++++ DATA LISTING
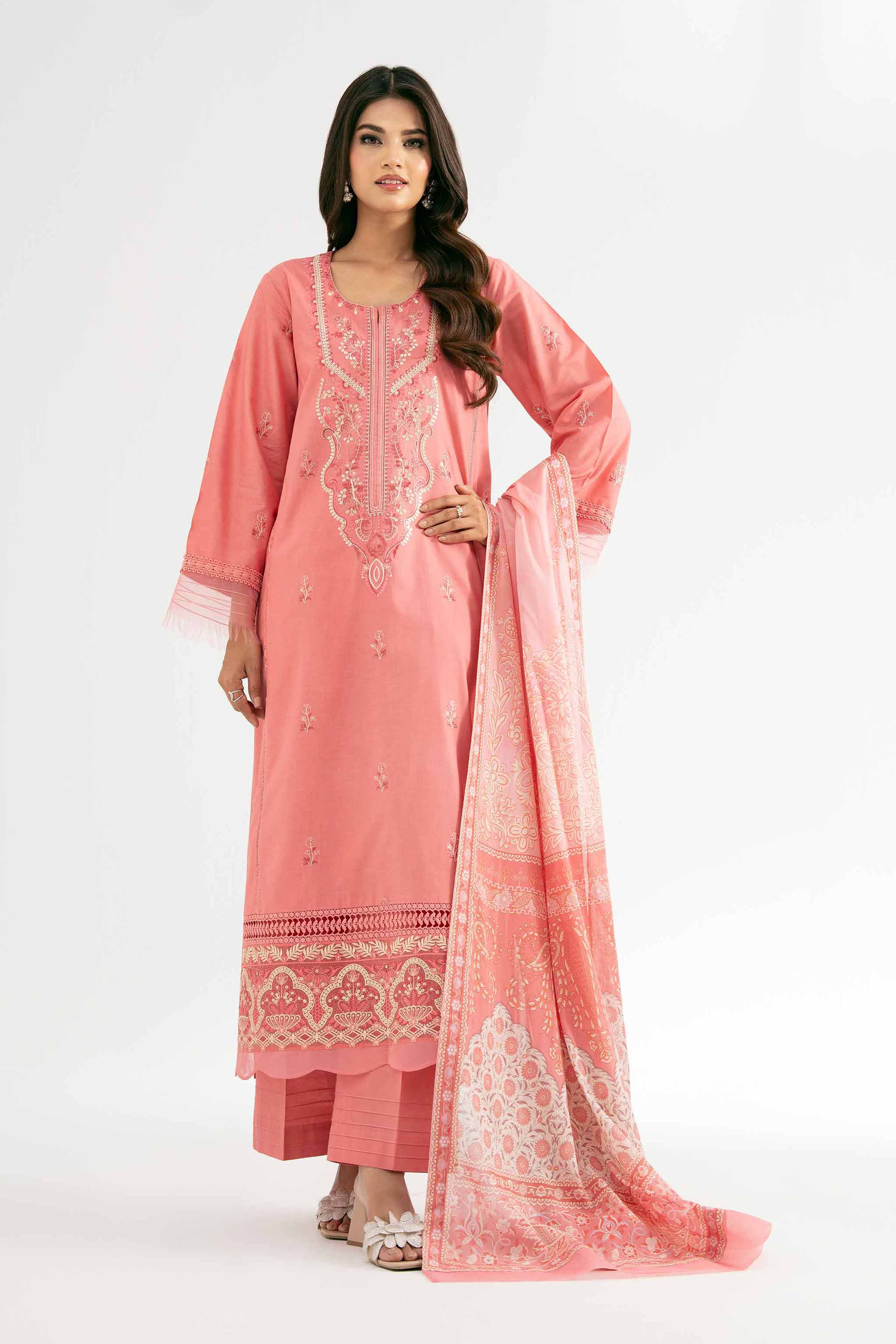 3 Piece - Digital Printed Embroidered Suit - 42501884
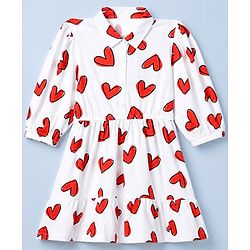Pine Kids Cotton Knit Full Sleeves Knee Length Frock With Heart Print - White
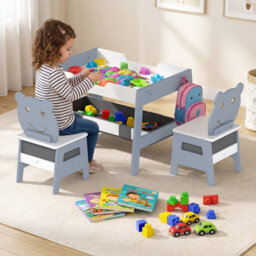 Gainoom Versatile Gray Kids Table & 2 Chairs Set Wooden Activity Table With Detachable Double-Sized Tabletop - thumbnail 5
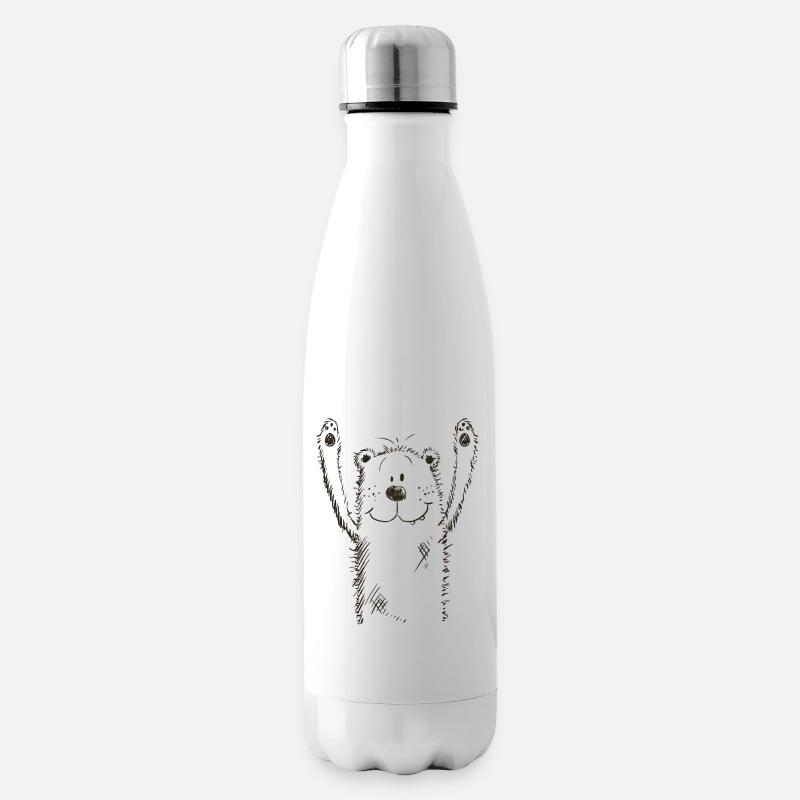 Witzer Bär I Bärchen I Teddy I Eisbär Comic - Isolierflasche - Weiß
++++++++
++++ DATA LISTING
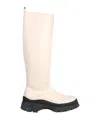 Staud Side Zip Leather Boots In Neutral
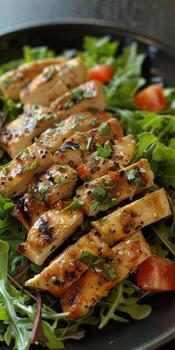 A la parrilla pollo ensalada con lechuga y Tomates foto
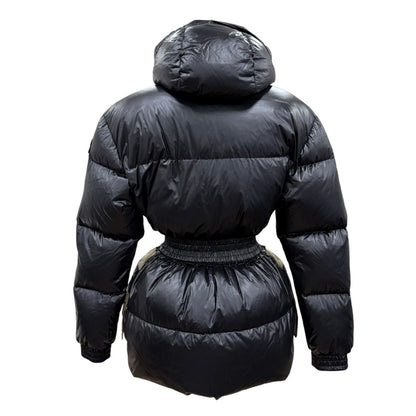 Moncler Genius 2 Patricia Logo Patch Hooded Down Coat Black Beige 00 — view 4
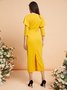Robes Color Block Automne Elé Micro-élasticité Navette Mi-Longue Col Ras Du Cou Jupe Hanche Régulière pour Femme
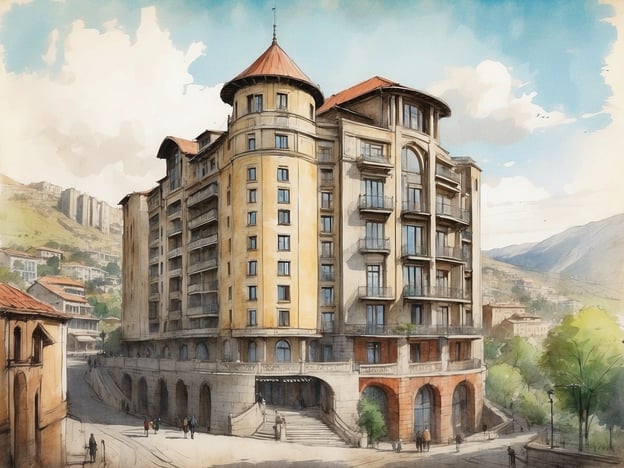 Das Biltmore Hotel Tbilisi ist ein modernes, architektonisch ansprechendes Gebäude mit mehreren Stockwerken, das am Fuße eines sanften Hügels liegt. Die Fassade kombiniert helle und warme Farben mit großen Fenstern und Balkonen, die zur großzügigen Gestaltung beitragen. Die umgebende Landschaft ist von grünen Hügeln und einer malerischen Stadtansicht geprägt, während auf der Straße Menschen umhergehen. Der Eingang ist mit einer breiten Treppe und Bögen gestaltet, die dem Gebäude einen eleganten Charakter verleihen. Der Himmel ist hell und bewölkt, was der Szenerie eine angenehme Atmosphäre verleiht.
++++++++
### EXERCISE INSTRUCTIONS
What lines above run from the one with "Moncler Genius 2" to the one with "Das Biltmore Hotel"? Give them again exactly, ends included, and leave the pictures out.

### EXERCISE ANSWER
 Moncler Genius 2 Patricia Logo Patch Hooded Down Coat Black Beige 00 — view 4
Robes Color Block Automne Elé Micro-élasticité Navette Mi-Longue Col Ras Du Cou Jupe Hanche Régulière pour Femme
 Das Biltmore Hotel Tbilisi ist ein modernes, architektonisch ansprechendes Gebäude mit mehreren Stockwerken, das am Fuße eines sanften Hügels liegt. Die Fassade kombiniert helle und warme Farben mit großen Fenstern und Balkonen, die zur großzügigen Gestaltung beitragen. Die umgebende Landschaft ist von grünen Hügeln und einer malerischen Stadtansicht geprägt, während auf der Straße Menschen umhergehen. Der Eingang ist mit einer breiten Treppe und Bögen gestaltet, die dem Gebäude einen eleganten Charakter verleihen. Der Himmel ist hell und bewölkt, was der Szenerie eine angenehme Atmosphäre verleiht.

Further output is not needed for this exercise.